#### PROVIDED MATERIAL
.....

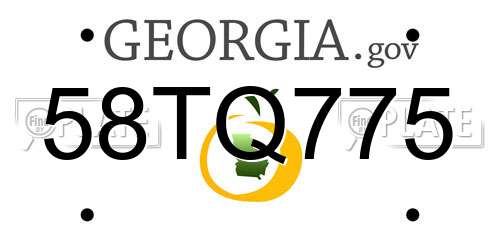 58TQ775 Georgia License Plate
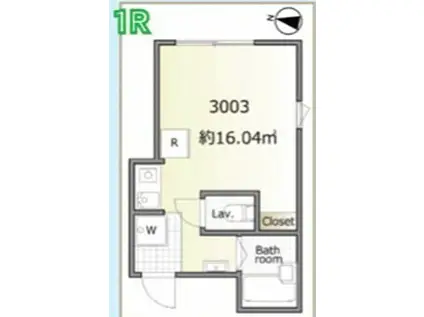 代々木上原ヒルズ(ワンルーム/2階)の間取り写真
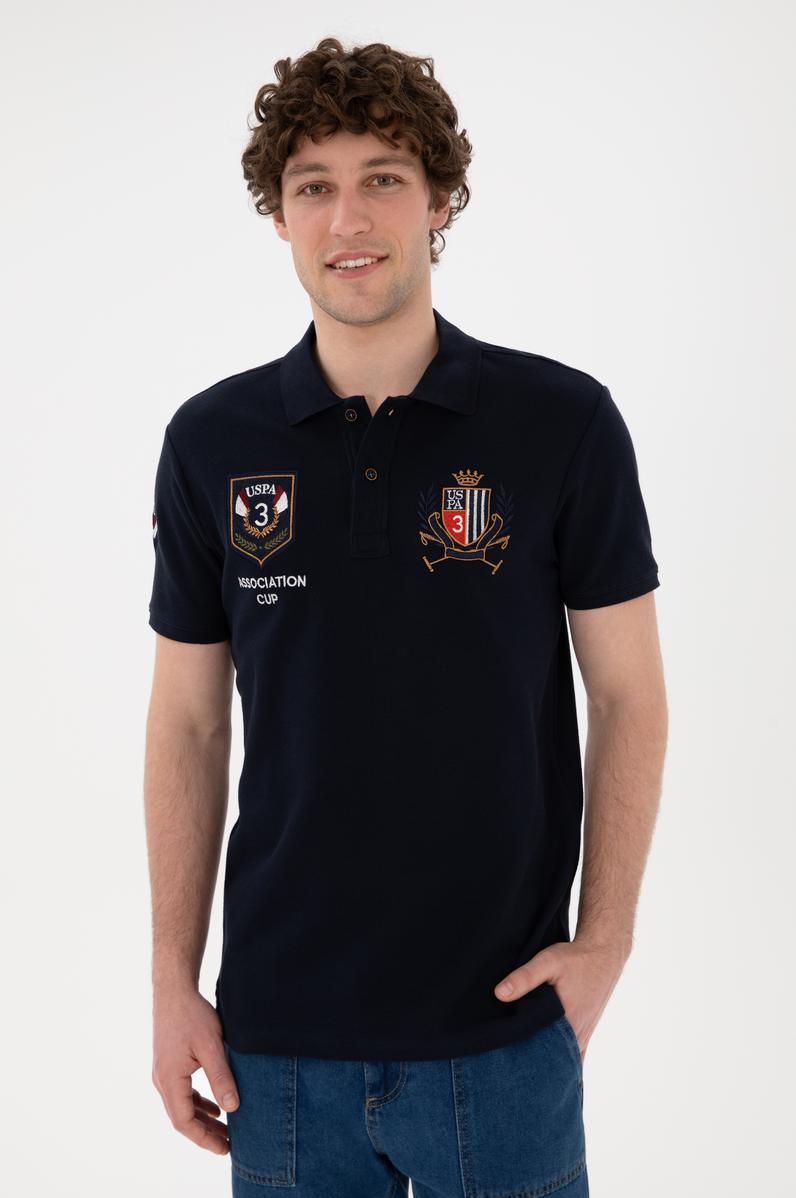 Erkek Slim Fit Polo Yaka Lacivert Tişört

.....

#### TASK TO CARRY OUT
Only the pictures are to be left out, and all of the data must otherwise be transcribed exactly.

#### TASK OUTPUT
 58TQ775 Georgia License Plate
 代々木上原ヒルズ(ワンルーム/2階)の間取り写真
 Erkek Slim Fit Polo Yaka Lacivert Tişört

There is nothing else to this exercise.